* THE TASK
Transcribe only the lines of the listing below from the one holding "Хоразмда бир оила" through the one holding "収納　※掲載写真は同マンション別部屋参考写真となります。", inclusive, without any change.

* MATERIAL FOR THIS EXERCISE

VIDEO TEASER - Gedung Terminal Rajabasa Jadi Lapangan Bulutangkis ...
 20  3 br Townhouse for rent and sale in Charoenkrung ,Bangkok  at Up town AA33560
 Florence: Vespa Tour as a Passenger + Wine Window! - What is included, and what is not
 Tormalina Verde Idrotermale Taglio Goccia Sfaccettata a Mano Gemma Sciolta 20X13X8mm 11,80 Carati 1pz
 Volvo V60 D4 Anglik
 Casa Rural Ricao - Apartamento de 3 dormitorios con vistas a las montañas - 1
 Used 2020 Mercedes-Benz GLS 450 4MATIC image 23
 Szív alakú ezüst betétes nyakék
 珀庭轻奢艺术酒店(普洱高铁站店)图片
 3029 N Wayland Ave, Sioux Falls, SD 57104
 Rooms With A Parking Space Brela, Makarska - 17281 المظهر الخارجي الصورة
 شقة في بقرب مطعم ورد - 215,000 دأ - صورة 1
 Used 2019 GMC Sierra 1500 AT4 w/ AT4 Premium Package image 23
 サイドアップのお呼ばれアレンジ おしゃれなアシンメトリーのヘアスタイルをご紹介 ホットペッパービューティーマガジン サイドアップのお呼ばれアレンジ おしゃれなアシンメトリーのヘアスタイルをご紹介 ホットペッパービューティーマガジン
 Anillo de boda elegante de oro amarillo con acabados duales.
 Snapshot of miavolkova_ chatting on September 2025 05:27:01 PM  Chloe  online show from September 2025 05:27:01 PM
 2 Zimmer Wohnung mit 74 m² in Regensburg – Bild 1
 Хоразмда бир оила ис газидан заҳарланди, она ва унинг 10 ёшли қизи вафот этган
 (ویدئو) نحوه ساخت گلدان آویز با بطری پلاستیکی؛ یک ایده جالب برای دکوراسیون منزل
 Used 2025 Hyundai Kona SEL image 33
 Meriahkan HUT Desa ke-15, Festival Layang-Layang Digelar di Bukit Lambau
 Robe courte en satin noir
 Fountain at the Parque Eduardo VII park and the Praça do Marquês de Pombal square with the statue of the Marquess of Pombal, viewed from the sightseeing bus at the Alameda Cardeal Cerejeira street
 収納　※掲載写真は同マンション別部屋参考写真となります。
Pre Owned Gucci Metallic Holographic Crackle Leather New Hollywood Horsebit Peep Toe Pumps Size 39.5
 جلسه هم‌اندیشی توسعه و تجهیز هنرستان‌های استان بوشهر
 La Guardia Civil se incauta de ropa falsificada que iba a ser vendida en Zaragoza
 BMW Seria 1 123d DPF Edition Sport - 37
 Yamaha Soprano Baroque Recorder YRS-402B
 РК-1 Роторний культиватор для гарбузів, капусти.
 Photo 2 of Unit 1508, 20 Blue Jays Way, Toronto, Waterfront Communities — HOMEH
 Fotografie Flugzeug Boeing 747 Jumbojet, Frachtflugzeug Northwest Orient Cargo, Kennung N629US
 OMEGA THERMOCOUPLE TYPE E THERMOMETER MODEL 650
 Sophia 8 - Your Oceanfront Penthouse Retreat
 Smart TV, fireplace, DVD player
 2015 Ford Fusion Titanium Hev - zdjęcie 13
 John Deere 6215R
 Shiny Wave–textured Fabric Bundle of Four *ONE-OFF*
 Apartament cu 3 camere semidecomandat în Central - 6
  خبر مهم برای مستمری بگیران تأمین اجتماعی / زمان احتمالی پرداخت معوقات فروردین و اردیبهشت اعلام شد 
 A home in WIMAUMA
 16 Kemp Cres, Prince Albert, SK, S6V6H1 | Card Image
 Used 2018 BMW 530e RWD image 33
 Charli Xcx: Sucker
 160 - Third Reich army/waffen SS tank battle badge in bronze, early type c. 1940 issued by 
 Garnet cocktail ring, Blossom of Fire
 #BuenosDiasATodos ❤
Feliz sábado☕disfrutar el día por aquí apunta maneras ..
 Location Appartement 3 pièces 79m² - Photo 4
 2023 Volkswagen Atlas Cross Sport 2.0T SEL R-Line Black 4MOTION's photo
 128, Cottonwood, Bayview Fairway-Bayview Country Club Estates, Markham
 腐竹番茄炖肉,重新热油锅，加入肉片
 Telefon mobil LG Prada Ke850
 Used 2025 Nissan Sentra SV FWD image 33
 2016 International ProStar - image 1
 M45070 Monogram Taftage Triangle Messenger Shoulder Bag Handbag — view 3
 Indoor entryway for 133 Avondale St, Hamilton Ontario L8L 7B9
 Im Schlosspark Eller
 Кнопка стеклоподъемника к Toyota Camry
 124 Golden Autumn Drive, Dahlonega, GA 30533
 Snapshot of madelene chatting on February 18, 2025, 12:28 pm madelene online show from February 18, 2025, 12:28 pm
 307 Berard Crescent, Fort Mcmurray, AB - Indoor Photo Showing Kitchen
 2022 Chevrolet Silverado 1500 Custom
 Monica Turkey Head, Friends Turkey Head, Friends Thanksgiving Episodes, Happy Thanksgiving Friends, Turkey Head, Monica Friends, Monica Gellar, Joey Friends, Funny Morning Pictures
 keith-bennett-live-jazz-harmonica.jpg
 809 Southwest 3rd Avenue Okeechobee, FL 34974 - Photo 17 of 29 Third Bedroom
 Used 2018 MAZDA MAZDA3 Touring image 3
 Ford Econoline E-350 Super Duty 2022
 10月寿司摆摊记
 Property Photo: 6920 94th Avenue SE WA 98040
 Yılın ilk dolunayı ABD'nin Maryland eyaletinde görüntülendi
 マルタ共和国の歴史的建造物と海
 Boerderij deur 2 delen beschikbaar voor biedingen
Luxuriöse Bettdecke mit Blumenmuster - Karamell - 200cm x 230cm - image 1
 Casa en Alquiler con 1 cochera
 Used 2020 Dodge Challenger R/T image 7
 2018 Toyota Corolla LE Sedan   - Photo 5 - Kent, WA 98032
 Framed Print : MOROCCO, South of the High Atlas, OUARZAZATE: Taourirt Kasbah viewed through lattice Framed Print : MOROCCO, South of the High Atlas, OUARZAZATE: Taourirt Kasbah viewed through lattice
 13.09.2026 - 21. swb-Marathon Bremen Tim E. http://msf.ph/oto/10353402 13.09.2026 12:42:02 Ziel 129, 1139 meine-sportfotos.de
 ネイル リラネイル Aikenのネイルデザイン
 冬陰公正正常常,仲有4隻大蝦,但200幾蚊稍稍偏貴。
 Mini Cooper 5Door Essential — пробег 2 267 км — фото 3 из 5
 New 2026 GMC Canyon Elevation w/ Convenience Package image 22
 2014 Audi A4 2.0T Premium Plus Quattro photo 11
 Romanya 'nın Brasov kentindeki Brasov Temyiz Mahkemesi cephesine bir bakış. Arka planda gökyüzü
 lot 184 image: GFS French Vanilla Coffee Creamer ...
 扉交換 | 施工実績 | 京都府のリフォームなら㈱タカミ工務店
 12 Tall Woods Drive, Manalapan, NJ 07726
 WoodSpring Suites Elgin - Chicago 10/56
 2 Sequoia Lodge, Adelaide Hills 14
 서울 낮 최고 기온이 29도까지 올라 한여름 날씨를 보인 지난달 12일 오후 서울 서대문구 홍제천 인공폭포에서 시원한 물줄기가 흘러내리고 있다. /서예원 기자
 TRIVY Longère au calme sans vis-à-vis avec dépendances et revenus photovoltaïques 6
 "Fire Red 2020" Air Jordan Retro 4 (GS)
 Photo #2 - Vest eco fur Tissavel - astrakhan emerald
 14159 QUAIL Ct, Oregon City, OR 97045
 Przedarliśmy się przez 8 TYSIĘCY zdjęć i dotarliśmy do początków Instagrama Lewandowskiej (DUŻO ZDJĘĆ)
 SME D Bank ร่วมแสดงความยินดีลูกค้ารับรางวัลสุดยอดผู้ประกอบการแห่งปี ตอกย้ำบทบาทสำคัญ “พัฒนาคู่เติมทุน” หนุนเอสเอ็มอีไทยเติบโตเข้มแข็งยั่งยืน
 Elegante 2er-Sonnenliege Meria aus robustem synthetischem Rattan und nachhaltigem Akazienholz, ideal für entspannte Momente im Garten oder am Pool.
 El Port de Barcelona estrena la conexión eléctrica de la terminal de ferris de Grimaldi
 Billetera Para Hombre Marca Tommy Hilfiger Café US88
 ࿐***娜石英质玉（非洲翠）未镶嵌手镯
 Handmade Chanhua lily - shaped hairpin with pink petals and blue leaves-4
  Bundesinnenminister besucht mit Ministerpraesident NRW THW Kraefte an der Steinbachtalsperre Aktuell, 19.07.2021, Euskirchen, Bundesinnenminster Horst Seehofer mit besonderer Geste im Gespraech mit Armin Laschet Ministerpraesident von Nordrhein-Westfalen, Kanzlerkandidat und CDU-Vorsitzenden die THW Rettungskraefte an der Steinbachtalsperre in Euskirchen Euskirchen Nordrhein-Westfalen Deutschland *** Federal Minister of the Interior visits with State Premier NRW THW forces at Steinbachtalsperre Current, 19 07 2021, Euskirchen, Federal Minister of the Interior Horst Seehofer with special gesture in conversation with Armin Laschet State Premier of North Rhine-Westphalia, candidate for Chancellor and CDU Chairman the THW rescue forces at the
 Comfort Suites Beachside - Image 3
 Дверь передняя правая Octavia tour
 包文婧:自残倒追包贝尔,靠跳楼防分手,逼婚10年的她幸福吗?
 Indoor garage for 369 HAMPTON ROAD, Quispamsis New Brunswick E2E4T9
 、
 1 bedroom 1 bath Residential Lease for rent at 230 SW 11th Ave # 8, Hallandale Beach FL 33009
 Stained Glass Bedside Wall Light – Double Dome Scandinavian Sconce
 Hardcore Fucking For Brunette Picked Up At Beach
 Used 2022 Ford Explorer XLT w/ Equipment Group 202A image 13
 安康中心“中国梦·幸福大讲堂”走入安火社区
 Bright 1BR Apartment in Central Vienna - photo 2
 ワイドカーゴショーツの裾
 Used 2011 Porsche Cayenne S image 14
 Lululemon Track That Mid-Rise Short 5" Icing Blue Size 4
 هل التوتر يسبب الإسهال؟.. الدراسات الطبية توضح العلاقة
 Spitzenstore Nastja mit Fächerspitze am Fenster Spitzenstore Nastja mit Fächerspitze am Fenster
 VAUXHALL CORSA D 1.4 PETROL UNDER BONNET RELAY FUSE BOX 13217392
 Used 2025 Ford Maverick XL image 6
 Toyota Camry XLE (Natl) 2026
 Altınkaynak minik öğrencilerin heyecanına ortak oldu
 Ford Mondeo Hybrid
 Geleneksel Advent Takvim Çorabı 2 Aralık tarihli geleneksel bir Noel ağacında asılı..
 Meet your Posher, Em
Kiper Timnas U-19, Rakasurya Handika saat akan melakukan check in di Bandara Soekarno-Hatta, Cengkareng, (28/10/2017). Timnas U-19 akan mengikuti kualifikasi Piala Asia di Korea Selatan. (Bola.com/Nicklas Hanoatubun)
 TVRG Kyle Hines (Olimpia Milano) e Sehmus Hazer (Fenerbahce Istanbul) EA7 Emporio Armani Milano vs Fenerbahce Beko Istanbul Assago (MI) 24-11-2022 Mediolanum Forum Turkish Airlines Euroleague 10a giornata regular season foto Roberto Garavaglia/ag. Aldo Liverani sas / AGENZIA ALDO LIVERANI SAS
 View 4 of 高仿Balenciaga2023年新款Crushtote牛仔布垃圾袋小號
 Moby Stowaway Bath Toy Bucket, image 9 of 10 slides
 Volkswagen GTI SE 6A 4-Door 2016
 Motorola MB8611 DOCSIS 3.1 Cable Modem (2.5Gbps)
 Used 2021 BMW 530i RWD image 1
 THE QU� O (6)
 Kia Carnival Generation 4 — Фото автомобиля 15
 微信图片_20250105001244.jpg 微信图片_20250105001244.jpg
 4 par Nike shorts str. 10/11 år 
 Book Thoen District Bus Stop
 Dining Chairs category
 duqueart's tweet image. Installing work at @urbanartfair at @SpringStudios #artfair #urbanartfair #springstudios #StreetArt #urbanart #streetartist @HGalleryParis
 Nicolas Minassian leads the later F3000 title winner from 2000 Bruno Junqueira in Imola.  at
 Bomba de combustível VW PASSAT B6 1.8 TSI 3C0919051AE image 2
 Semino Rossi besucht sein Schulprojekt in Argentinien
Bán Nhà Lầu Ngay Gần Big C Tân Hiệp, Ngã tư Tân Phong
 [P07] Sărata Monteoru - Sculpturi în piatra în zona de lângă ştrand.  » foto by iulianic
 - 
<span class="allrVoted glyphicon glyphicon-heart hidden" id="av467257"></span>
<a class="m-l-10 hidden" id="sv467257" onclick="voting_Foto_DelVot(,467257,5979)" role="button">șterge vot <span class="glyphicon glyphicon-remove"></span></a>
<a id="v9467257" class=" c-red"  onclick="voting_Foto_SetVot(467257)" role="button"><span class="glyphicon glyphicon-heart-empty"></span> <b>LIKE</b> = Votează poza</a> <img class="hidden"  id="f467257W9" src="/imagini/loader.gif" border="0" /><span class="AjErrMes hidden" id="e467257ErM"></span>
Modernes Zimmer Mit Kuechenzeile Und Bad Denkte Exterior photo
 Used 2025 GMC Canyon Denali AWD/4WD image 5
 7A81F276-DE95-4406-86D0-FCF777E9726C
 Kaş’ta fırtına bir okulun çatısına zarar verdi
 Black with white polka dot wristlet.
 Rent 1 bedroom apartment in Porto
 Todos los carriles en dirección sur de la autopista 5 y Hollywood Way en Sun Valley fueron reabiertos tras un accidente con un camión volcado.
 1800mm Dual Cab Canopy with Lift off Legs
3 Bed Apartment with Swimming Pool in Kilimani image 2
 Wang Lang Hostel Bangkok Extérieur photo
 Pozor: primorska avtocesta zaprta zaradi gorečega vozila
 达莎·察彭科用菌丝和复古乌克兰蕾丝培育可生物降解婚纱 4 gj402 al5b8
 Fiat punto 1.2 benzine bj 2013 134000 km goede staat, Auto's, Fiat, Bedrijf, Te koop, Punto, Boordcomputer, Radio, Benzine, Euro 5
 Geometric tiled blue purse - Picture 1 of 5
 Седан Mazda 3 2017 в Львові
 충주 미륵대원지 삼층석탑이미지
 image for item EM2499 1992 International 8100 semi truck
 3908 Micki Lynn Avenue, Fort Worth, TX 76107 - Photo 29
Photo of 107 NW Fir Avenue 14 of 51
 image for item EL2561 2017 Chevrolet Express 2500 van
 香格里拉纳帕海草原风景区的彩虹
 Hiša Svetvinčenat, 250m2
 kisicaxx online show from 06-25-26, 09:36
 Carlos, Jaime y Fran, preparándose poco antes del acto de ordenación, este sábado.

* EXERCISE SOLUTION
 Хоразмда бир оила ис газидан заҳарланди, она ва унинг 10 ёшли қизи вафот этган
 (ویدئو) نحوه ساخت گلدان آویز با بطری پلاستیکی؛ یک ایده جالب برای دکوراسیون منزل
 Used 2025 Hyundai Kona SEL image 33
 Meriahkan HUT Desa ke-15, Festival Layang-Layang Digelar di Bukit Lambau
 Robe courte en satin noir
 Fountain at the Parque Eduardo VII park and the Praça do Marquês de Pombal square with the statue of the Marquess of Pombal, viewed from the sightseeing bus at the Alameda Cardeal Cerejeira street
 収納　※掲載写真は同マンション別部屋参考写真となります。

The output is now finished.